Nvidia wants to own your AI data center from end to end

Nvidia's new inference rack uses Groq IP to slash latency and boost AI data center efficiency with a full-stack pitch.

Deep Dive

Nvidia used its GTC conference to make a bold, full-stack play for the AI data center. CEO Jensen Huang announced the LPX rack, a new inference system available later this year that combines the company's Rubin GPUs with the Nvidia Groq 3 LPU—a chip based on intellectual property licensed from AI startup Groq in a $20 billion deal. The core innovation is the LPU's 500MB of on-chip SRAM, which can store large language model weights and the intermediate KV cache. This design minimizes the need for GPUs to fetch data from slower, off-chip DRAM, dramatically cutting latency. Nvidia's Ian Buck stated this could turn "day-long queries" into results in "less than an hour."

The move is framed as an economic imperative.
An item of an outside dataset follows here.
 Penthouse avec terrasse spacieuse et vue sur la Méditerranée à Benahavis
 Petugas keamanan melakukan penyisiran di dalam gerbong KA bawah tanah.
Nvidia presented data showing the LPU's memory access uses just one-third of a picojoule of energy per bit, compared to a GPU's 6 picojoules for DRAM access. In a concrete example, Buck claimed the LPX rack could process 500,000 tokens per second for $45 per million tokens, delivering 35 times as many tokens per second per megawatt of power. This efficiency, Nvidia argues, leads to a 10-fold increase in potential revenue per second per megawatt for AI service providers. The LPX is the hardware embodiment of Huang's broader pitch: that buying Nvidia's complete stack—from Vera CPUs and Rubin GPUs to inference racks and software—offers superior performance and economics, aiming to own the entire AI infrastructure lifecycle.

Key Points
  • Nvidia unveiled the LPX inference rack, integrating the new Nvidia Groq 3 LPU (based on $20B Groq IP) with Rubin GPUs.
  • The LPU's 500MB of on-chip SRAM holds model weights, cutting DRAM access and slashing latency for queries from days to under an hour.
  • Nvidia claims the system delivers 35x more tokens/sec/megawatt and a 10x revenue/sec/megawatt increase, pushing its full-stack data center vision.

Why It Matters

This move could lock in AI infrastructure economics, making Nvidia's integrated stack the default for cost and performance in large-scale AI deployment.